Dynamically selecting schema in DQ Column Analysis
We have several database schemas that contain tables with the exact same columns, data types, etc. in each schema. Let's say I create a Column Analysis for the CUSTOMER table in SchemaA. I want to create a Talend job that runs the same column analyses on SchemaB, SchemaC, and SchemaD. How do I do this with context variables? When I run the analysis, the SQL looks something like this: select count(*) from SchemaA.Customer where ColumnA is null It looks like it's hardcoding the schema name in the generated SQL. How do we work around that to make it dynamic?
You could put the schema into a context variable and call the same job with handover the schema as context variable.

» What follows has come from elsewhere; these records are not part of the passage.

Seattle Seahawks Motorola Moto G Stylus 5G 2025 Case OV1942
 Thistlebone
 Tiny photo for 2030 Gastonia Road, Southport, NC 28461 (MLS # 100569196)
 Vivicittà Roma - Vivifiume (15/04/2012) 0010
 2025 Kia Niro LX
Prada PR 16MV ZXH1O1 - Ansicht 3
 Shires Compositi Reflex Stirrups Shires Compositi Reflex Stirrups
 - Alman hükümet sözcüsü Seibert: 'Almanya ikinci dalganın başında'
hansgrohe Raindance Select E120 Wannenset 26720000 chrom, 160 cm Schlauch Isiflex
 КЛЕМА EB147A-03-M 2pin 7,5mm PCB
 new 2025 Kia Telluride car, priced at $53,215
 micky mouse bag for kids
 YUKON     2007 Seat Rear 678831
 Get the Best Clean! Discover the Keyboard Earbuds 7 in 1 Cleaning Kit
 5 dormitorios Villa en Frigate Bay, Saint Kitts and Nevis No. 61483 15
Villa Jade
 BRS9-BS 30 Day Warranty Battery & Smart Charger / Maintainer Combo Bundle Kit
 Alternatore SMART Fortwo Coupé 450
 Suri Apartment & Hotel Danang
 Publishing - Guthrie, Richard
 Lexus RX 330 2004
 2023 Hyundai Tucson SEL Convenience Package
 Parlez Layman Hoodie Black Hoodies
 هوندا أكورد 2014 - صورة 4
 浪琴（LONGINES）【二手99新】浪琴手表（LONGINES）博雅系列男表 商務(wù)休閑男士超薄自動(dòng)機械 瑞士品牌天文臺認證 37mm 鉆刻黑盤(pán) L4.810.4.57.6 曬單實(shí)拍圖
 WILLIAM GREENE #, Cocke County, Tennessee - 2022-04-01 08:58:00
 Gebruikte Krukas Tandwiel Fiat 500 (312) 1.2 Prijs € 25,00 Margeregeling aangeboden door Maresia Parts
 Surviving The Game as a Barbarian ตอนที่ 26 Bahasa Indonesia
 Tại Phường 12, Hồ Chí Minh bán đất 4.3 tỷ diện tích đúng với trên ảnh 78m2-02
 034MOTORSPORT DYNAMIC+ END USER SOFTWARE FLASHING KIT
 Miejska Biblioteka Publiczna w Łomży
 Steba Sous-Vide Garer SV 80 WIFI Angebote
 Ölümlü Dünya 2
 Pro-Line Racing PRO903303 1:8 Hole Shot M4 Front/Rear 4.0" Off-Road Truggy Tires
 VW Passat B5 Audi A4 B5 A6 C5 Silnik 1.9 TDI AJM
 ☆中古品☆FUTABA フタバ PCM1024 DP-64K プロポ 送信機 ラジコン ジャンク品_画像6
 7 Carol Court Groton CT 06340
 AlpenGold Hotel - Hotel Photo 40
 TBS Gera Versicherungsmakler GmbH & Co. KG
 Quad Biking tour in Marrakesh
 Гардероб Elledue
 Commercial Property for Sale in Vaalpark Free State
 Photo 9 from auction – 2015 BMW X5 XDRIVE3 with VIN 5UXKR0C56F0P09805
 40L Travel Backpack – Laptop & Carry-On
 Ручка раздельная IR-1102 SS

Let say you define in your job a context variable called database_schema.
Your query should looks like:
At the beginning of the job or for the context parameters in a tRunJob you set the context variable with the correct schema.
select count(*) from " + context.database_schema + ".Customer where ColumnA is null
Actually this way you could also change column names.
Makes sense, but will this approach work when we create a job that uses tDQReportRun component to call a DQ Column Analysis? When we create a Column Analysis, we must select a DB to choose the columns to analyze. If we select SchemaA as our database, will this same job work if we have a context variable for schema and we run it in other schemas besides SchemaA?
I do not know, I have not used the component tDQReportRun so far. But the typical configuration of a database is via context variables and I would be surprised if the data quality stuff use other methods to configure the database.